**INFORMATION SHOWN**.
* * *

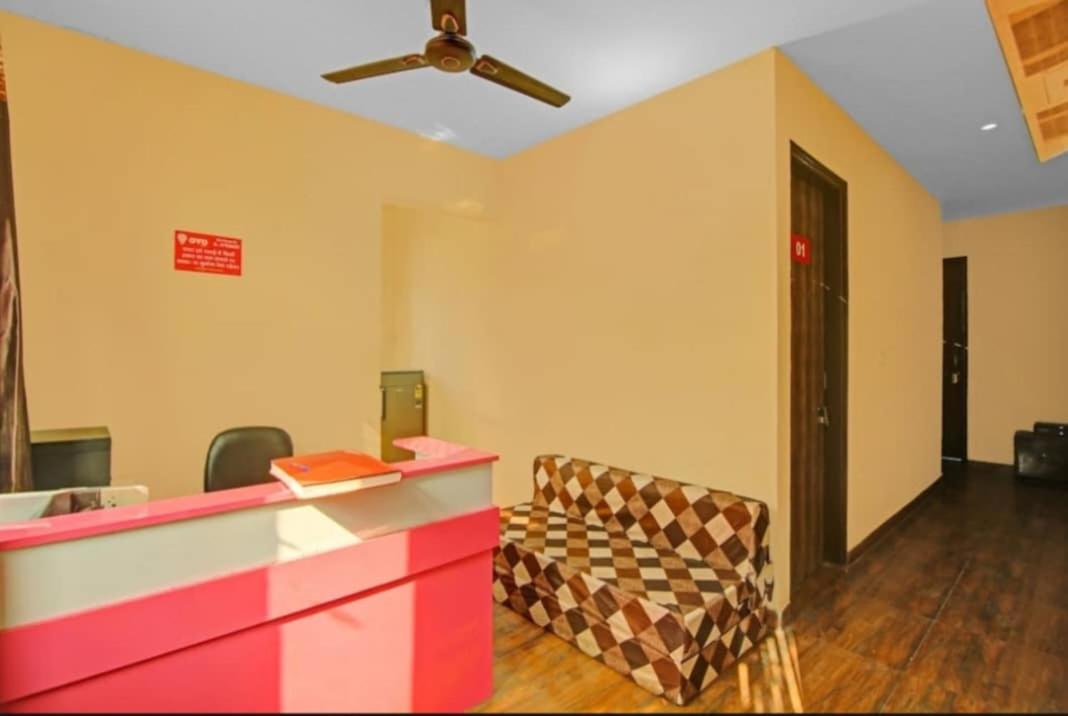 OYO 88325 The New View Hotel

* * *

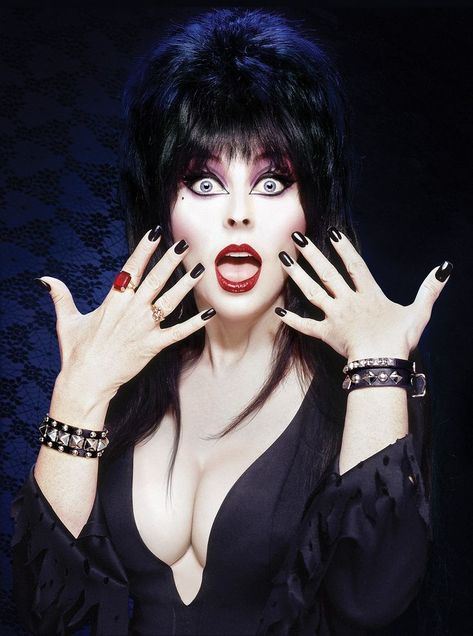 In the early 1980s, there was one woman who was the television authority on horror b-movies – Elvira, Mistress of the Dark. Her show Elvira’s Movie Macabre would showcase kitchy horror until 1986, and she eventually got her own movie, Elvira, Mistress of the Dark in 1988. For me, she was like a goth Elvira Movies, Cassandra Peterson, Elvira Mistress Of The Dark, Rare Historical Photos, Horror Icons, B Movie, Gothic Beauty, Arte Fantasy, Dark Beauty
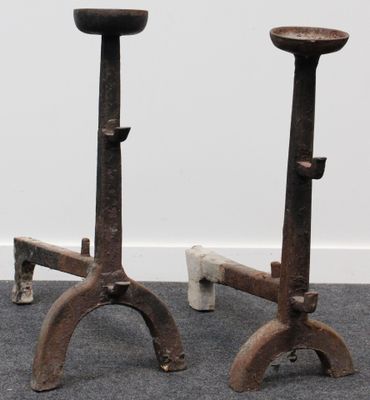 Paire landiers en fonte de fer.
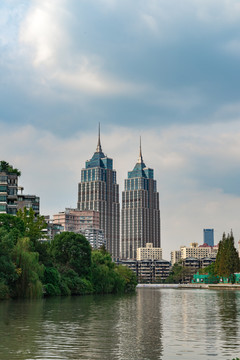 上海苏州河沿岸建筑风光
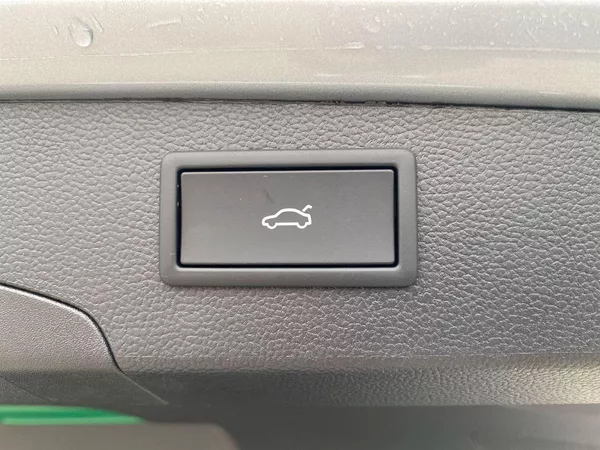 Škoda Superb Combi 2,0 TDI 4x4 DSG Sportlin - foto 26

* * *

**WHAT YOU ARE ASKED TO DO**. The lines above starting at the one that holds "In the early" and ending at the one that holds "Škoda Superb Combi" are to be written out exactly, ends included, and no pictures are to be copied.

**SOLUTION TO THIS EXERCISE**.
 In the early 1980s, there was one woman who was the television authority on horror b-movies – Elvira, Mistress of the Dark. Her show Elvira’s Movie Macabre would showcase kitchy horror until 1986, and she eventually got her own movie, Elvira, Mistress of the Dark in 1988. For me, she was like a goth Elvira Movies, Cassandra Peterson, Elvira Mistress Of The Dark, Rare Historical Photos, Horror Icons, B Movie, Gothic Beauty, Arte Fantasy, Dark Beauty
 Paire landiers en fonte de fer.
 上海苏州河沿岸建筑风光
 Škoda Superb Combi 2,0 TDI 4x4 DSG Sportlin - foto 26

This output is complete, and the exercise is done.